## PROBLEM
Would you return each entry exactly as written, omitting any pictures?
----
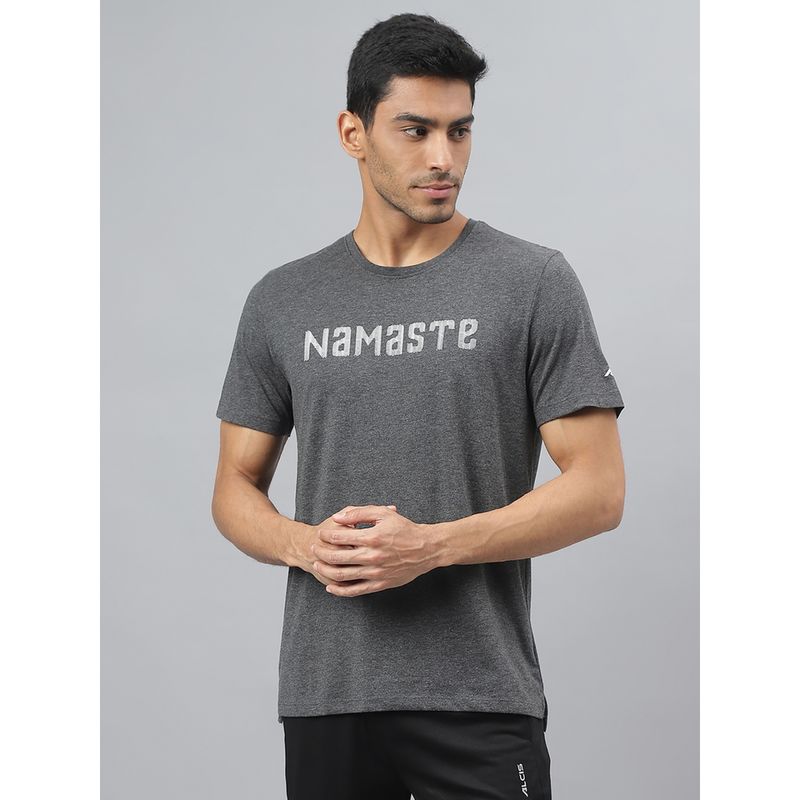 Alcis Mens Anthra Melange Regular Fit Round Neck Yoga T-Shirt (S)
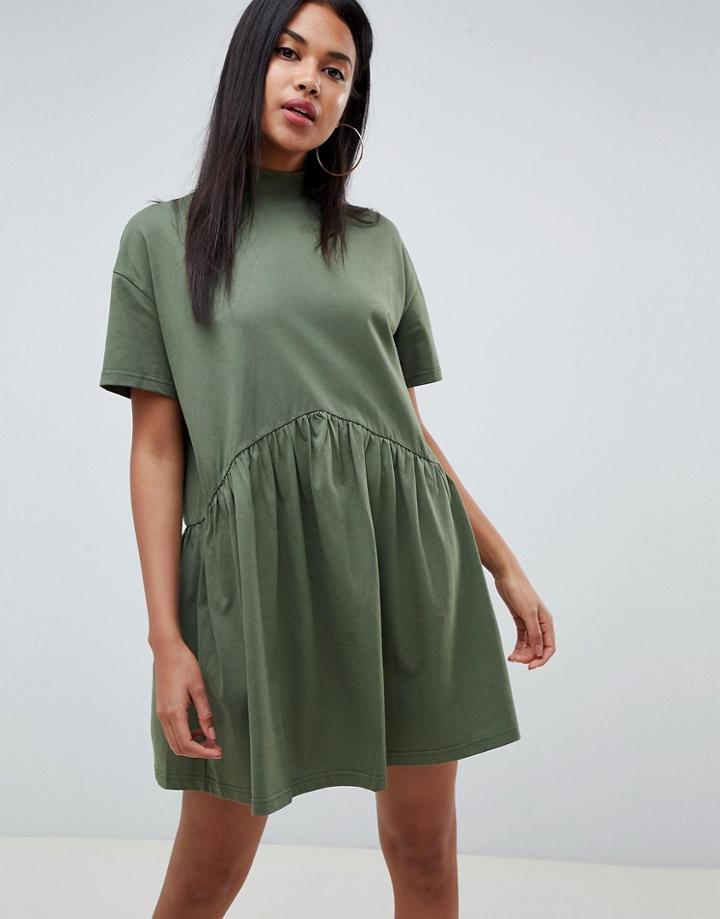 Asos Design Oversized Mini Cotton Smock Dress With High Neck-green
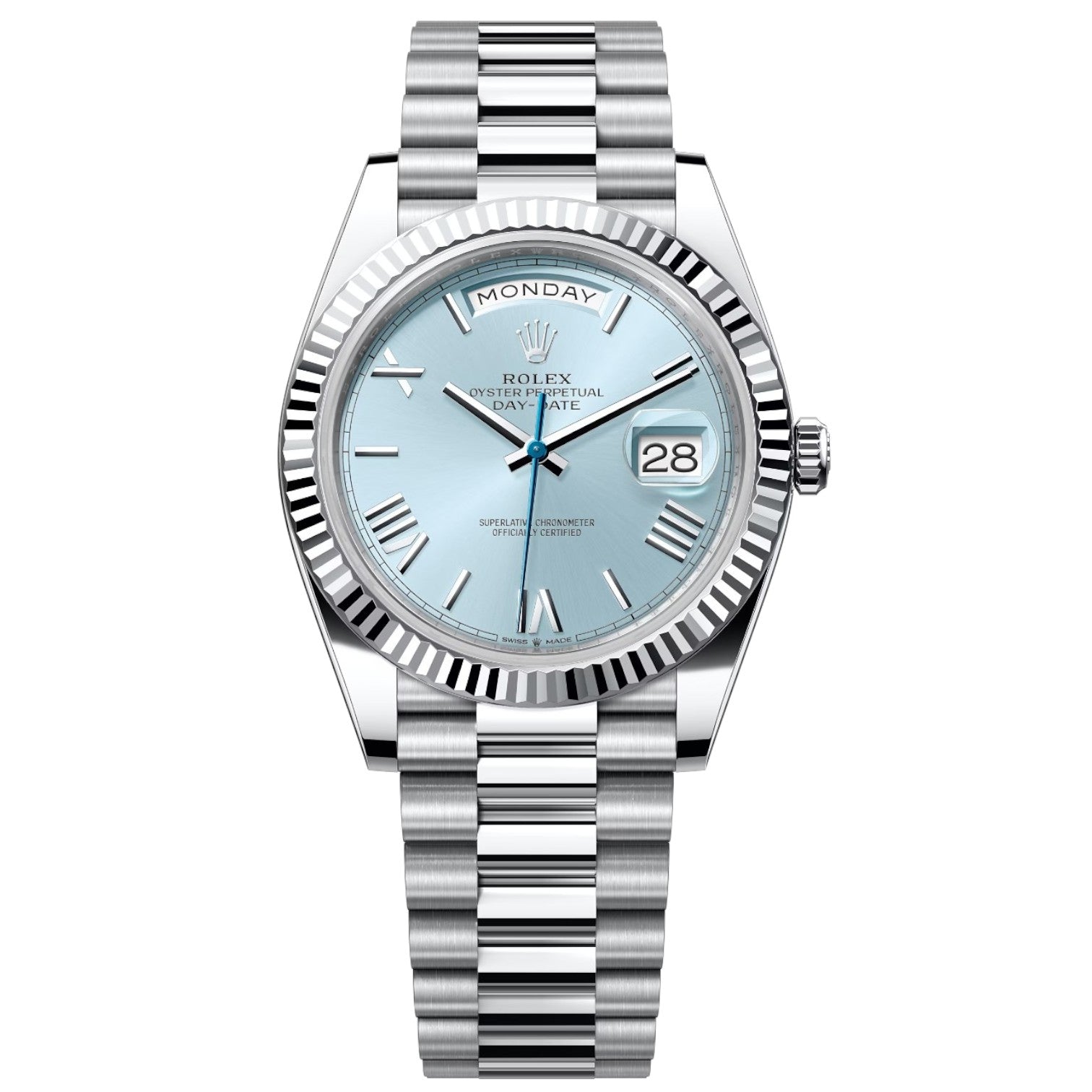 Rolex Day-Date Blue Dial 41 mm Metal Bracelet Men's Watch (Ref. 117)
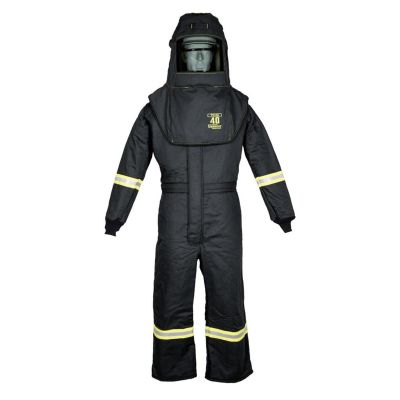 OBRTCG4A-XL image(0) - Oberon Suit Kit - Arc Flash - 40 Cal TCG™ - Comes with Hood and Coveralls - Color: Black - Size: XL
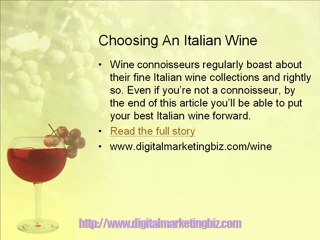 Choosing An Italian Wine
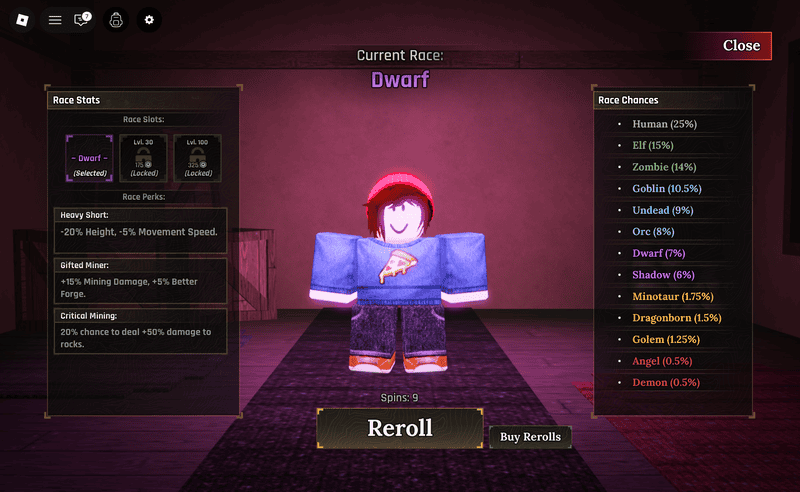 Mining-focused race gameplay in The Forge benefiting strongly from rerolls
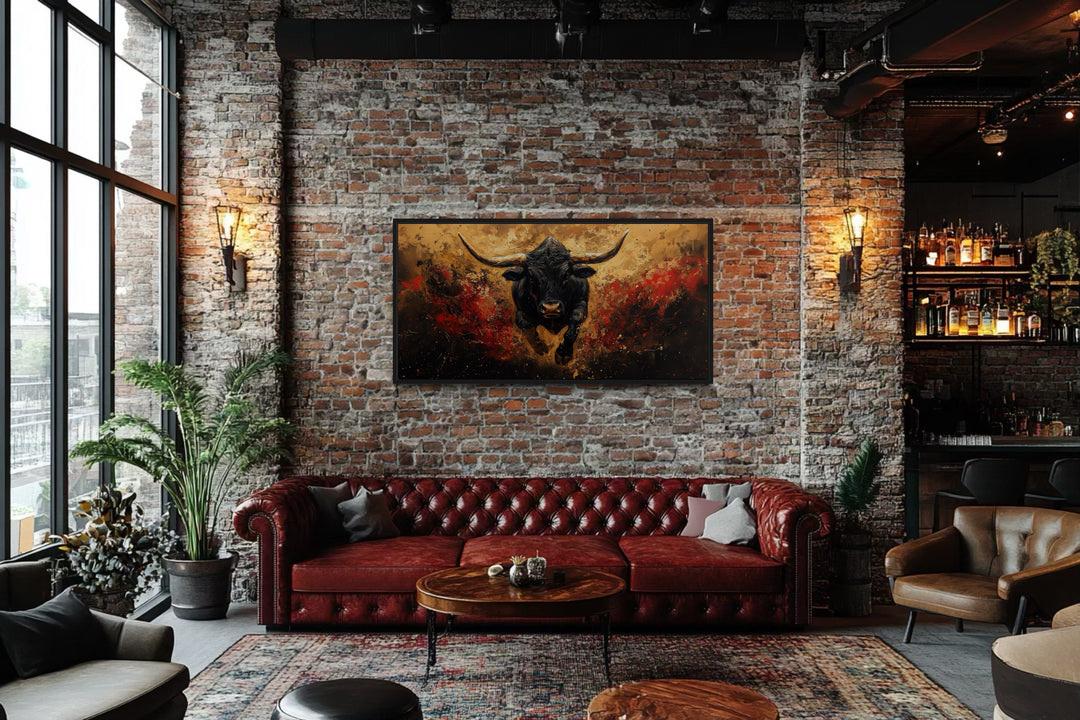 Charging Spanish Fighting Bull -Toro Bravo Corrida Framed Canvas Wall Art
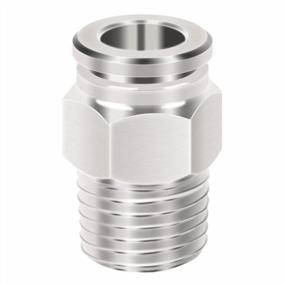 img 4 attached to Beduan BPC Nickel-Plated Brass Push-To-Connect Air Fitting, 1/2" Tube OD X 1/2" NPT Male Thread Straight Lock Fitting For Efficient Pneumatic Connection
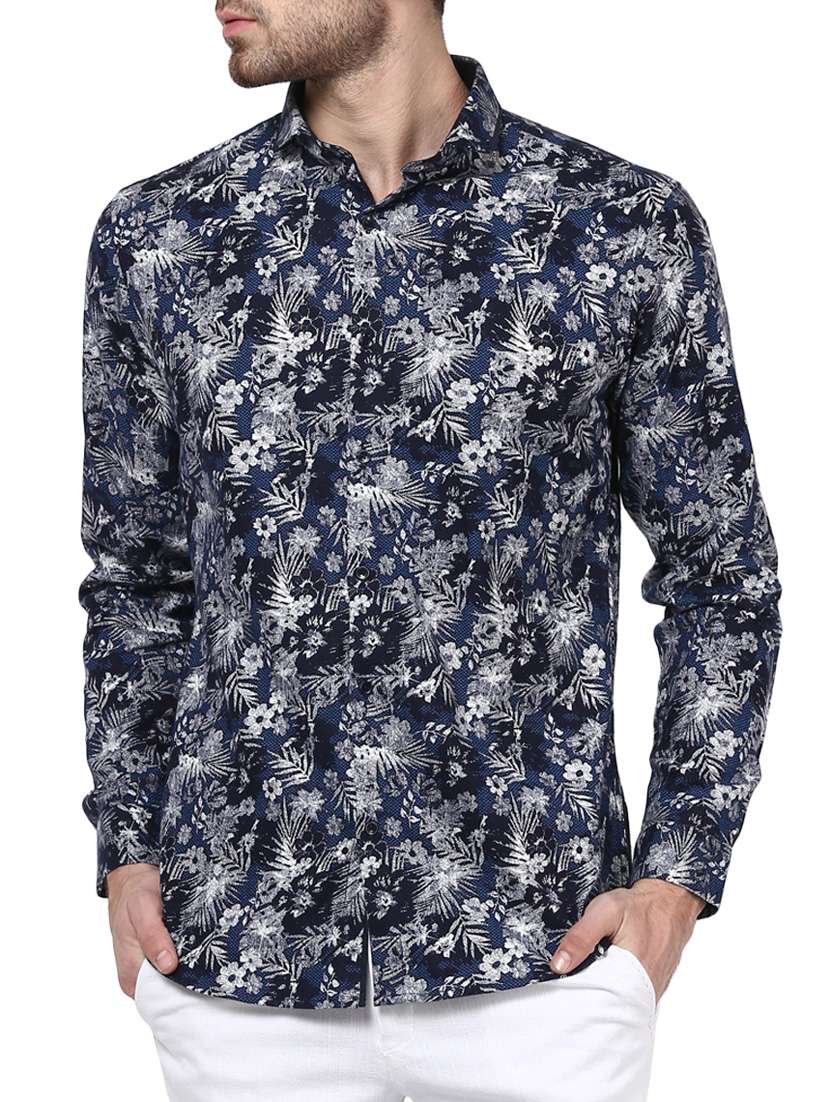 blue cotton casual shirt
----
## TASK OUTPUT
 Alcis Mens Anthra Melange Regular Fit Round Neck Yoga T-Shirt (S)
 Asos Design Oversized Mini Cotton Smock Dress With High Neck-green
 Rolex Day-Date Blue Dial 41 mm Metal Bracelet Men's Watch (Ref. 117)
 OBRTCG4A-XL image(0) - Oberon Suit Kit - Arc Flash - 40 Cal TCG™ - Comes with Hood and Coveralls - Color: Black - Size: XL
 Choosing An Italian Wine
 Mining-focused race gameplay in The Forge benefiting strongly from rerolls
 Charging Spanish Fighting Bull -Toro Bravo Corrida Framed Canvas Wall Art
 img 4 attached to Beduan BPC Nickel-Plated Brass Push-To-Connect Air Fitting, 1/2" Tube OD X 1/2" NPT Male Thread Straight Lock Fitting For Efficient Pneumatic Connection
 blue cotton casual shirt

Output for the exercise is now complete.